Using Aperture 3’s Places


A Guest Post by Chris Folsom.

One of the great new features of Aperture 3 (get an upgrade from previous versions here) is the ability to add location data to photos and then display those photos on a map based on where they were taken. While similar features were previously available from plug-ins and add-ons, none of them handled geotagging as easily and elegantly as the native Aperture 3 Places system does now.

Getting Started

To enable the Places view in Aperture, simply click the Places button near the upper-right hand corner of the photo browser.


Doing so will display a map in the upper window where you normally view photos. The map is contextual to whatever project or album you are currently viewing. If the selected album or project doesn’t have any map data, it will default to a world map. If there is location data, a map will be displayed for those specific areas.

Adding Location information to your photos

Chances are, unless you were already using a geotagging plug-in, most of your photos won’t show up in Places. The one exception might be photos taken with a GPS equipped smartphone (such as the iPhone). The GPS data added to those photos will appear in Aperture 3 without any additional work.

But what about other non-GPS equipped cameras? Aperture 3 gives us a few options…

The first option is to open the Places view and do a search for a particular location. For this example, I’ll search for Fort Worden State Park in Washington State where I took some photographs a couple of years ago. I didn’t have a GPS device with me at the time but I would still like my photos to appear on the Places map.


?As I am typing, Aperture 3 presents me with a couple of location options and Fort Worden is on the list. Selecting it will immediately zoom the map in on that area. Now it is a simple matter of dragging the photos to the area on the map where they were taken. It isn’t quite as accurate as having true location data, but it is an easy solution for when a GPS isn’t available.

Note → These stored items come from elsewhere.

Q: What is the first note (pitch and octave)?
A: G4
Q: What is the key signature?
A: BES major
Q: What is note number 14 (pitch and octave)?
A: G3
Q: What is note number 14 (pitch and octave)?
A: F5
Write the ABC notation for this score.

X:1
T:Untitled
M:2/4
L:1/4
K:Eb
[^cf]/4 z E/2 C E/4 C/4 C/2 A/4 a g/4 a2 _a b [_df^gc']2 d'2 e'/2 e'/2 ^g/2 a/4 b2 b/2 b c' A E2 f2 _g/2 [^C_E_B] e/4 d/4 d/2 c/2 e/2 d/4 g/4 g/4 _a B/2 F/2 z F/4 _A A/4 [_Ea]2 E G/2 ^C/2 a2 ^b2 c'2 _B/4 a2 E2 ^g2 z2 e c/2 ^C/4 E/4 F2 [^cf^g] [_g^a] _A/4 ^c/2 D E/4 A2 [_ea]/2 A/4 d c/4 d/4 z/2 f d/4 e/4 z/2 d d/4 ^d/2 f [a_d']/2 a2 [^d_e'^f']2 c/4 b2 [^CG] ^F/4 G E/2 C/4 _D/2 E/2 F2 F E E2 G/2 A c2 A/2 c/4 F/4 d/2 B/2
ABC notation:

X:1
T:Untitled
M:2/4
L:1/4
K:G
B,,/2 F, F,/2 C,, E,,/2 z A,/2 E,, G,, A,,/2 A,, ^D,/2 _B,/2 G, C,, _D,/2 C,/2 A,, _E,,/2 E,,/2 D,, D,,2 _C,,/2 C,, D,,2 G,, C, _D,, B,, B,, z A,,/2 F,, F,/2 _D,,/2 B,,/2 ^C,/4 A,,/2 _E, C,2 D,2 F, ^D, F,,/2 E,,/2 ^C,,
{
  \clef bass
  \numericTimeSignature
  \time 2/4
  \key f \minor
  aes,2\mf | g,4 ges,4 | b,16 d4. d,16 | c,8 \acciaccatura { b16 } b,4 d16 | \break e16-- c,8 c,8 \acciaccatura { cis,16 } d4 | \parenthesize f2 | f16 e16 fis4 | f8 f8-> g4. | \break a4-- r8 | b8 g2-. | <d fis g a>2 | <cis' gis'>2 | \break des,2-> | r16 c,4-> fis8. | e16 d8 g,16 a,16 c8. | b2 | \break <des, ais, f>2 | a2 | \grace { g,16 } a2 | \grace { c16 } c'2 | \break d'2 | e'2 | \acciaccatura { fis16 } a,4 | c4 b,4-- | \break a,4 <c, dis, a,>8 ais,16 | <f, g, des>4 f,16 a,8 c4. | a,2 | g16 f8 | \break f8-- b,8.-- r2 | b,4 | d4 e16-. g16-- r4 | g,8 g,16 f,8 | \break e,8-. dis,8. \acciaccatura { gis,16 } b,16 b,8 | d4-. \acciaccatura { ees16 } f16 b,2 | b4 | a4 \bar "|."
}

If you do have a GPS logger, Aperture will work with that too. If you aren’t familiar with GPS logging devices, they are small systems that can be clipped to a belt or camera bag and will track your location as you move around. Alternatively, if you own an iPhone you can download an app like GeoLogTag which will provide the same functionality on your phone. After the GPS logger has captured some data, it will create a text file that can be imported into Aperture 3.

The importing process is fairly easy. Highlight the project you wish to geotag and then switch to the Places view. Click the “GPS” button and then “Import GPS Track”. Find the GPS file on your computer and click “Choose Track File”.


The location data will show up as a blue line on the map. Drag one of your photos to the line and you’ll be asked if you want Aperture 3 to assign locations to the photos. Click the “Assign Locations” button and the GPS log will be matched up with photos based on their timestamps. Now the location data is imbedded in the image files themselves, even if you export them out of Aperture. This is a very handy feature for sites like Flickr that allow you to show location data on your photos.


?One other note worth mentioning… if you turn your GPS logging device on and off multiple times during one trip (to save battery life, for example), you may end up with more than one track file imbedded in a GPX file. To select these different tracks, click on the “GPS” button and then “Tracks and Waypoints”. You’ll be given a list of the track files included in the GPX file. You may have to go through multiple tracks to get all of your photos tagged.


I hope this helps you get the most out of a very cool new feature in Aperture 3. I know it is something I will be using a lot more of in the future.

Chris Folsom is a photographer based in Baltimore, MD. You can view more of his photos at Flickr or follow his photographic endeavors on Twitter.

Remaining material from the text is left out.